2) If you do not have a license of ArcView 8.0 or higher then the GIS module will allow you to read in and display shape files as GIS layers. Only a portion of the capability for displaying data, tables, and other GIS functions are available with shape files, but unlike previous versions of WMS large shape files are more efficiently read and displayed as initially the shape file is not converted to a WMS coverage. A key feature of the new GIS module is that individual features (points, lines, polygons) can be selected from the GIS layer and then only the selected features are converted to feature objects in WMS coverages. This allows you to read in a large soils data layer, select the soils that cover your watershed, and only convert these soils to the WMS coverage.  Previous versions required this kind of manipulation to be done with ArcView or some other GIS tools, but now your GIS data can be managed completely using the tools in WMS. If you own a license of ArcView then you will have additional access to file formats and other advanced display capabilities. Terrain Data Module In WMS 7, we now have a Terrain Data module where you create, edit, and preprocess all of your digital terrain data, whether it is a TIN or DEM. The Drainage Module then is used to delineate a watershed from either a TIN or a DEM. The terrain data in WMS can be contoured, displayed in oblique view with mapped images and hidden surfaces removed, and several other display options that can be set to visualize and understand the terrain surface better.

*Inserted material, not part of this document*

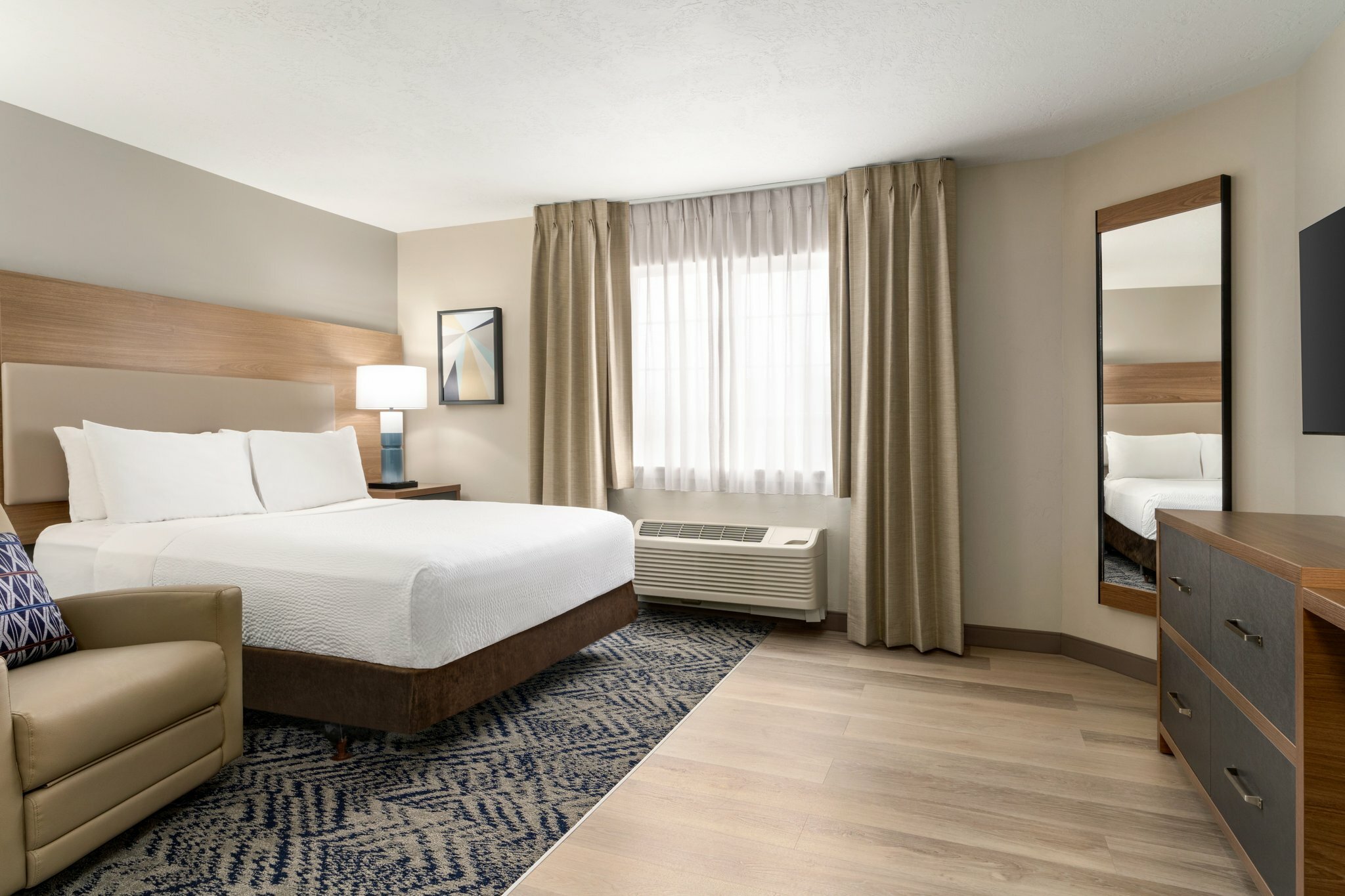 Фото Candlewood Suites Boise Towne Square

At first glance you may wonder if we mixed and matched the TIN and DEM tools just to confuse old users. However, there are good reasons why we have done this. We have added several tools that allow you to edit elevations and process both TINs and DEMs to process them not only for watershed delineation, but also for hydraulic modeling using our HEC-RAS interface tools. Some of the powerful tools now awailable in the Terrain Data Module include:  The ability to edit DEM elevations. You can now define a feature arc and then in a DEM
elevation-editing environment adjust the elevations. This could be used to ``carve" out a canal or other small stream not accurately represented by the original elevations of a DEM. You could also
insert a highway embankment or other such structure that may act as a levee and alter watershed or flood delineation. Much faster and more robust TIN triangulation and processing.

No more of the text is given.